Pas besoin de traduction, il suffit de regarder attentivement et de se laisser porter par les intonations.- Dit maman, c'est quoi une femme ?
- Une femme, c'est une personne comme moi.
- Dit papa, c'est quoi un homme ?
- Un homme, c'est une personne comme moi.
- Mais vous avez des mains et des cheveux, des pieds.
- Regarde papa, nous nous ressemblons, et pourtant nous avons des différences. ce sont ces différences qui différencie un homme d'une femme.
- Donc la boulangère, ce n'est pas une femme parce qu'elle n'est pas comme toi maman ?
- La boulangère est une femme comme moi, car nous avons des choses en commun que les hommes n'ont pas.
- Comme un mari ? donc celles qui n'ont pas de mari ne sont pas des femmes ?
- Une femme n'a pas nécessairement un mari. il y a des femmes qui n'en trouvent pas, d'autres qui n'en veulent pas, d'autres veulent etre avec une autre femme et non un homme. Pourtant, ce sont toutes des femmes.
- Donc etre une femme c'est avoir des bébés ?
- Toutes les femmes n'ont pas de bébés. certaines n'en veulent pas. mais il y a certaines femmes qui ne peuvent pas avoir de bébés. pourtant ce sont des femmes.
- Elles ne peuvent pas, pourquoi ?
- Tu te souviens ton petit camarade de classe qui a une boite collée à l'oreille ? tu souviens de tes copains qui ont des lunettes ? toi, tu n'as pas cette boite et tu n'as pas de lunette. C'est le hasard qui veut ca. ton camarade a besoin de la petite boite pour réussir à entendre, tes copains ont besoin des lunettes pour voir, toi tu peux y arriver sans cela. Pour le fait d'avoir des bébés c'est pareil. il y a des femmes qui peuvent en avoir, d'autres ont besoin d'aide pour en avoir et certaines ne pourront jamais en avoir. et pourtant ce sont des femmes.
- D'accord. mais les hommes ? c'est pareil pour les hommes ? parce que les hommes, ils font pas de bébés. c'est les femmes qui font des bébés.

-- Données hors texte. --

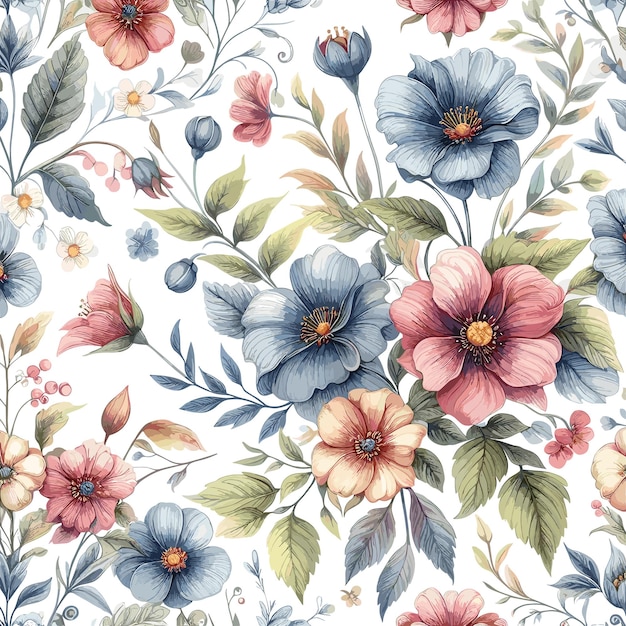 floral watercolor seamless pattern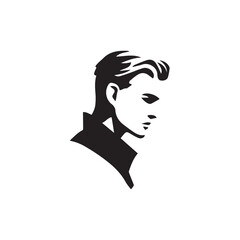 Black Vector Illustration of a Handsome Man in Clean Minimal Line Art Style on White Background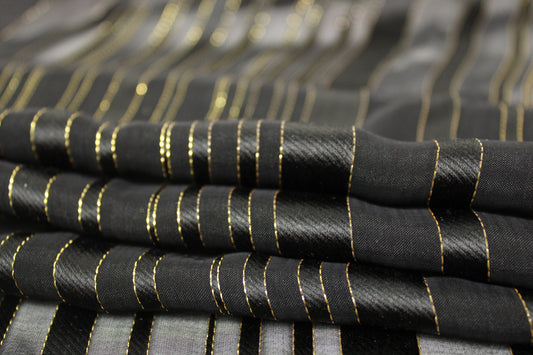 Tissu mousseline de soie - à rayures - noir et doré - photo 2/6 | So Tissus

- Une femme toute seule ne peut pas faire de bébé. Il lui faut l'aide d'un homme pour faire des bébés. et comme pour les femmes, il y a des hommes qui ont besoin d'aide pour faire le bébé. il y a aussi des hommes qui ne pourront jamais avoir des bébés.
- Donc une femme c'est pareil qu'un homme mais c'est pas pareil aussi ?
- Que veux tu dire ?
- Ben, les femmes comme les hommes, sont différentes mais ce sont des femmes, et elle peuvent aimer les hommes comme les femmes, et certaines peuvent faire des bébés et certaines ne peuvent pas ... voila, donc c'est pareil. mais c'est pas pareil, parce qu'un homme c'est un homme et une femme, c'est une femme. mais c'est quoi la différence ?

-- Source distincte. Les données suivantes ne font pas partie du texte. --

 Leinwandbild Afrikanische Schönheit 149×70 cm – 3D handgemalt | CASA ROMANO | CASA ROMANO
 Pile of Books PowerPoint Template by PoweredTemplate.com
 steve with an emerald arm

- Une femme a des seins et pas les hommes. les femmes ont une zezette et les hommes un zizi.
- Tonton il a des seins, donc c'est une femme ?
- Non, tonton est un homme.
- Et pourquoi Zoé c'est une femme alors qu'elle n'a pas de seins ?

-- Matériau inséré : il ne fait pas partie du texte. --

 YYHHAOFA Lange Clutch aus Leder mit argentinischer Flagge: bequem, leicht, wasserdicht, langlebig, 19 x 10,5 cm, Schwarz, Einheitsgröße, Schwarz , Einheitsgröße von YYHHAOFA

- Parce qu'elle va en avoir.
- Ah ! donc Eliza n'est pas une femme !
- Pourquoi dis tu cela de ta baby siter ?
- Ben, elle est grande et elle n'a pas de seins.
- Mais Eliza est une femme comme moi. il y a des femmes avec des gros seins, et des femmes avec des petits seins. il y a meme des femmes qui n'ont presque pas de seins. pourtant, ce sont des femmes.
- Mais, je comprend pu moi ! et tonton ?
- Tonton a des seins, oui. mais c'est un homme.
- Donc c encore pareil ! une femme elle a des fois des seins, des fois pas de seins. comme un homme. mais c'est pas pareil qu'un homme. mais c'est quoi la différence ?
- Les femmes ont une zezette et les hommes ont un zizi.
- Thomas, il a pas de zizi ! donc c pas un homme !
- Ton cousin Thomas est né comme ça. il a un tout petit zizi que l'on voit mal, mais il a un zizi, donc c'est un homme, meme si debout quand il est tout nu, on a l'impression qu'il a une zezette.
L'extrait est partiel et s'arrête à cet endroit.